> Exercise goal: So that the copy stays text only, transcribe the data below exactly and exclude the images.

> Given data:
-=-=-=-=-

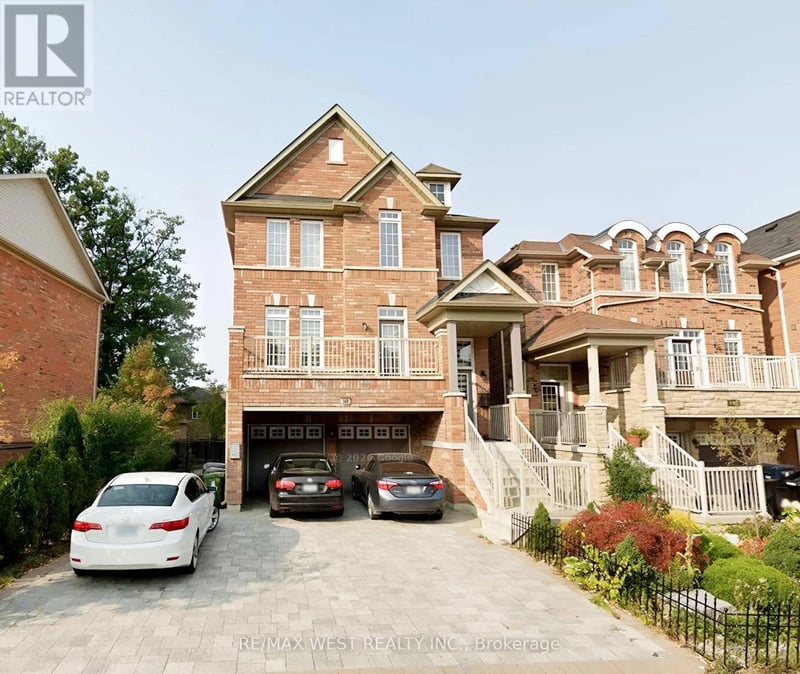 160 Bob Yuill Drive, Toronto (Humberlea-Pelmo Park), Ontario, M9M0B1, Toronto (Humberlea-Pelmo Park), Ontario — photo 1 of 5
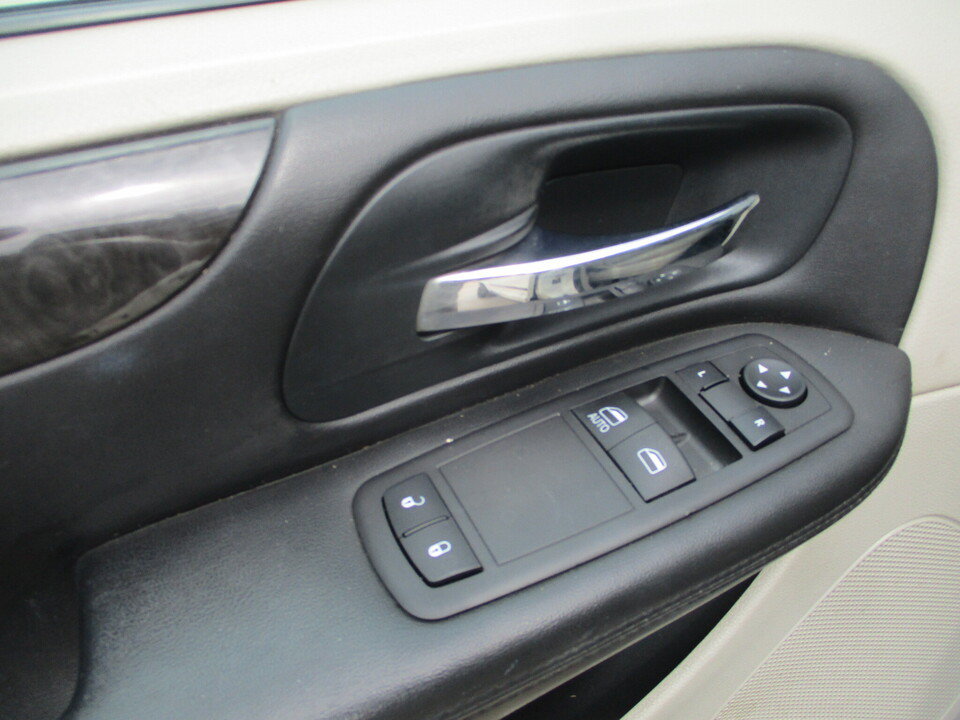 Used 2013 RAM C/V Tradesman FWD image 25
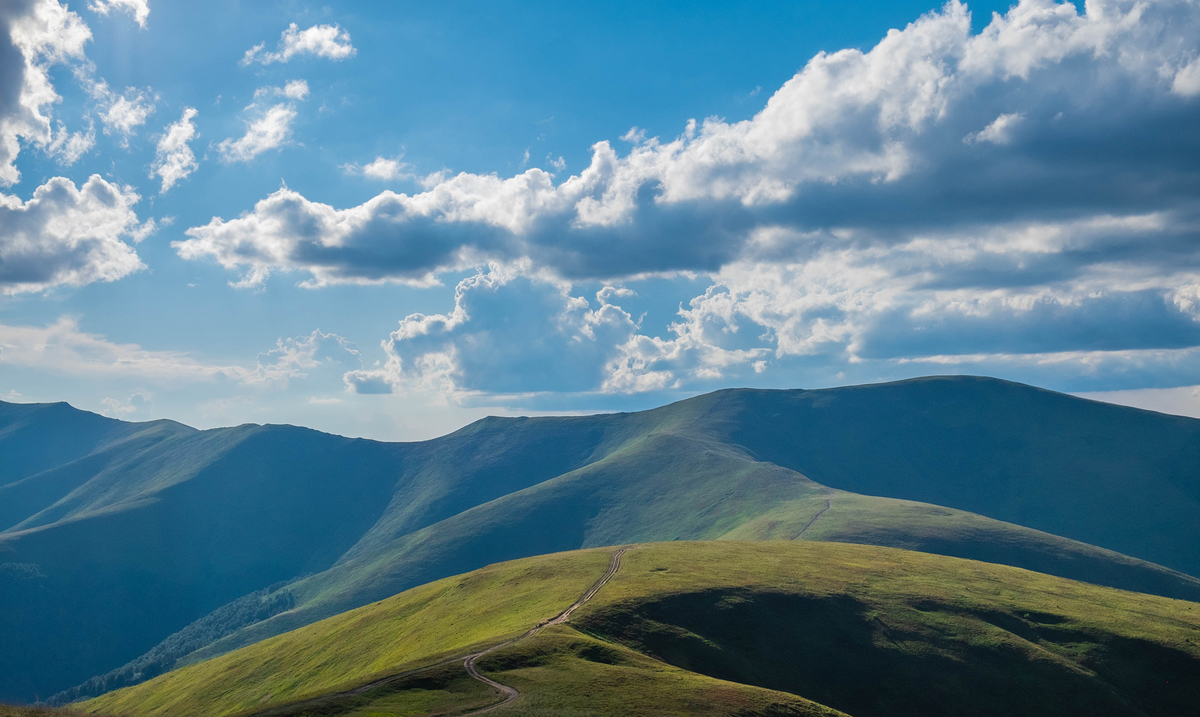 дорога в гори..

-=-=-=-=-

> Solution for this exercise:
 160 Bob Yuill Drive, Toronto (Humberlea-Pelmo Park), Ontario, M9M0B1, Toronto (Humberlea-Pelmo Park), Ontario — photo 1 of 5
 Used 2013 RAM C/V Tradesman FWD image 25
 дорога в гори..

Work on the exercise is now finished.